Q: But if interest rate is going down and inflation is moderating and there is peace; is that a good recipe for a bull market?

A: That will be an environment that people would feel more comfortable about.

Q: How about a technological change?

A: In the old days, in one of the bull markets we had railroads and then you had the automobile that came back and then the radio. After the Second World War, it was automobiles and now it is technology.

Q: In your experience, what are the best looking chart patterns that one should look at the start of a bull market?

A: Ideally, you are looking for a stock that has been depressed. Technicians call that 'a bottom pattern' that can take any number of formations. It could be like the letter 'W', it could be a double bottom or it could be a long saucering type bottom. But any kind of bottom whatever shapes it takes; can take a minimum of three-six months. 

In fact, the longer it takes the better it is. As it is with the Theory of Relativity, the longer the bottom the longer the buying and greater is the upside potential.

Secondly, if I saw what my favourite stock looked like, it might be forming that kind of a configuration. The next thing I would do is look at the sector that it is in. I want to know if there are other stocks in the same group performing in the same manner. So, I am looking for commonality.

Q: Is it a rising tide that all stocks should do well and no one is an island?

A: No one is an island in that group and then you take that concept and talk about market breadth; you talk about the tide coming in and you really need a lot of stocks to support the move.

We technicians call that the army and the generals. You can have the general stocks going up, like General Electric and General Motors.

However, if you do not have the army of stocks and the breadth of the market to support it, the move will be limited. So, I look at the individual stocks and see if they bottom. I look at the group and then at the market as a whole and then I look at the breadth of the market.

Q: What are the tools of a technician's trade? What are the two-three things, the indicators or the averages or price points that a technician should look at?

A: The first thing is the markets because everybody understands what the Dow Jones is. The perception is that the Dow has only 30 stocks. It is actually not a very good average. But, you can ask almost anyone that is interested in finance or investing. They all know what the Dow closed at last night. But if I asked them where the Russell 2000 closed they are not too sure. And that is a huge part of the market.

As a rider and as an analyst, I want to be in tune with my readers. So, I have to start looking at the indices that they understand. Of course, I am going to do all the other indices whether they understand or not to round up my research. I have to see the kind of support that these leading averages have.
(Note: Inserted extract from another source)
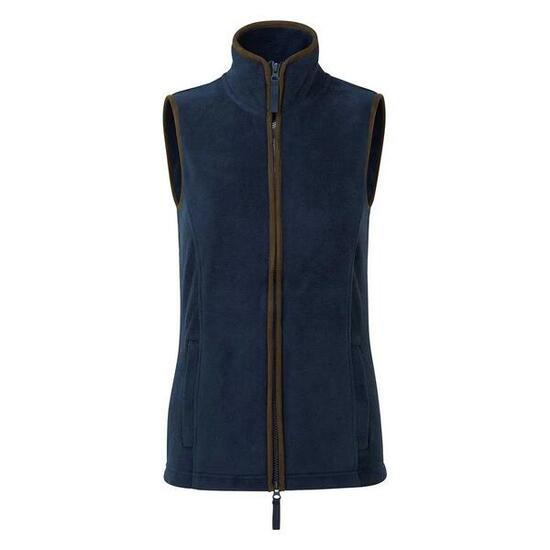 Veste Sans Manches ARTISAN Femme (Bleu Marine / Marron)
Q: In terms of looking at the price or the volume or moving averages, what are those indicators that are your tools of trade?

A: First is always price. We are getting so sophisticated in this day and age because we have all the indicators. But you don't own them, you own the price of the stock. If you can draw a simple line and if that price is going up, you are a happy man. If it is not going up, you have a problem. So, I stop with price.

Of course, price is built on momentum and on the flow of funds. So, the momentum will be some kind of a momentum indicator. I also look at volume to support my theory on price because if I identify this strong upward bias in price, I want to see if that is supported by flow of funds. So, I start with price and then I will add the other indicators too.

Q: IBM closed at its 52-week high at Rs 120. What influences could you draw as a technical analyst?

A: If that was the case, it would be good especially in an environment like this where the market has been kind of weak and people have been concerned about different things. So, right away anyone who owns IBM or people who are looking into buying and investing are going to be attracted to that stock because of the fact that it has done well at 52-week high.

Psychologically, that would probably be one of the stocks I would look at.  I would take that and would look at other stocks in that sector to see if they are also forming it. But just making new highs in itself is not all. It is not the only thing we look at. But it is a good starting point.

Q: Other than price, what are the tools that you use?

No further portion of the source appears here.